共感の輪広げる指導力 国際人権団体日本代表・土井氏ヒューマン・ライツ・ウオッチ 土井香苗日本代表(上)

ヒューマン・ライツ・ウオッチ日本代表 土井香苗氏

国際人権団体ヒューマン・ライツ・ウオッチ(HRW)は常時100カ国程度の人権状況を監視する国際的な非政府組織(NGO)だ。2009年発足の東京オフィスを率いる土井香苗・日本代表(47)は「日本が人権外交を行い、国際社会に影響力を行使すべきだ」と政治家などへの働きかけに奔走する。社会を巻き込んで世界を変えていく、プロフェッショナルな「人権活動家」のあり方を日本でも確立したいと願う。
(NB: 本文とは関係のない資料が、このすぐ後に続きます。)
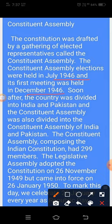Soon after, the country was divided into India and Pakistan, and the Constituent Assembly was also divided into the Constituent Assembly of India and Pakistan. Here it is explained that after the elections in July 1946 and the first meeting in December 1946, the country was divided into India and Pakistan, and the Samvidhan Sabha was also divided accordingly.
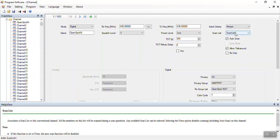And that pretty much sums up the basics of the RD5R radio programming CPS. I will do more later, but for now this is just a preview.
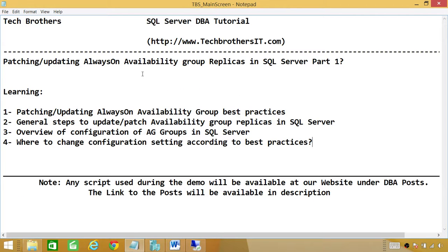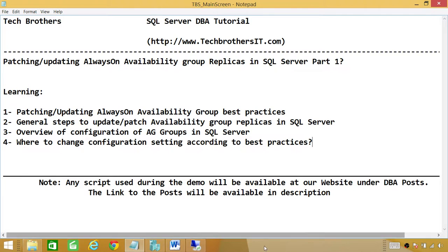This is Part 1, and we'll be going into Parts 2, 3, and 4, covering different always-on availability group architectures where I'll be patching live and showing any issues we encounter. I'll be following the best practices throughout. Stay tuned — I hope this best practices Part 1 was helpful.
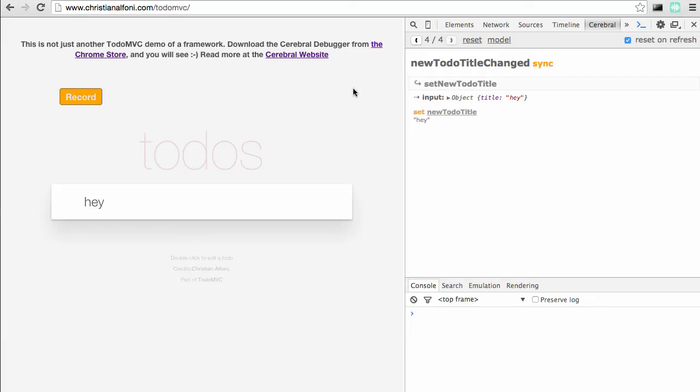We used to have a slider here, but we decided to remove it because it's just really a fancy thing. It's not very practical, so usually you just want to step one step at a time back and forth in time.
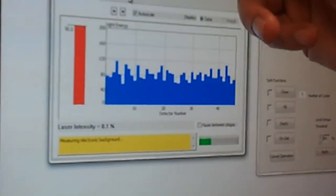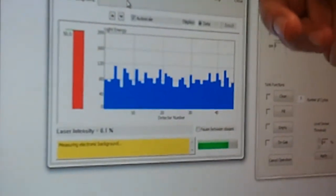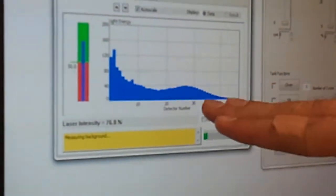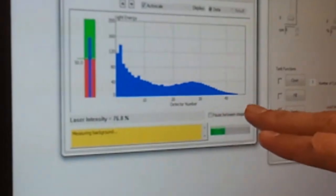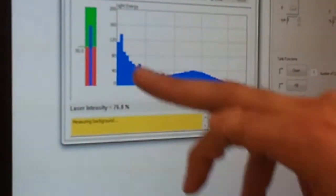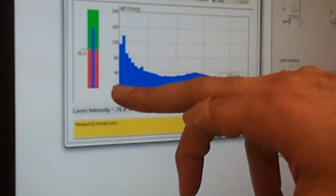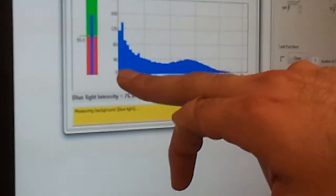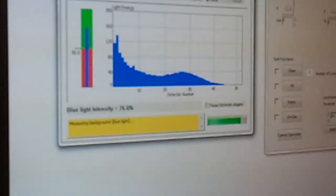So we get the background measure and then the level should come down very low here. You're going to see instead of 120, you're going to see one or two.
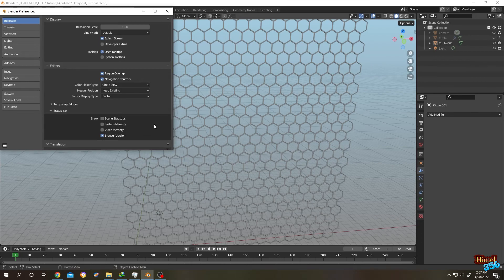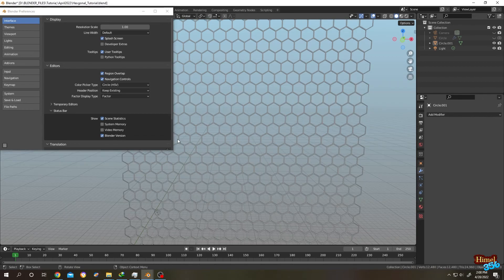For face and vertices count we need scene statistics. Let's check. Now at bottom right corner we have the full details of our object.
――ロシアによるウクライナ侵攻や中国の新疆ウイグル自治区での人権弾圧など、世界では基本的人権を踏みにじる動きが絶えません。

「世界の人権状況の現状、先行きは全く楽観できません。中国やロシアを含めた権威主義的国家の台頭が背景にあります。特にウクライナ侵攻は衝撃的でした。(武力により現状を変えようとする試みが)ニューノーマル(新常態)になる恐れがあります。権威主義国による明らかな人権侵害に対しては、民主主義国家が団結して状況改善に向けて圧力を強めていくことが必要です」

――人権問題への取り組みで、HRWはどのような役割を果たしていますか。

「各地の人権状況について詳細な調査報告書を年間100冊ほど公表しています。直近では、ロシア軍によるウクライナでのクラスター爆弾使用例や強制移送についてリポートしました。IT(情報技術)と教育を組み合わせた『エドテック』のスマートフォン向けアプリがいかに世界の子どものプライバシー侵害につながっているのかについても報告するなど、幅広いテーマをカバーしています」

「アドボカシーと呼ぶ政策提言も大きな役割の一つです。東京オフィスでは政治家や官僚など政策立案者へのロビイングもしています。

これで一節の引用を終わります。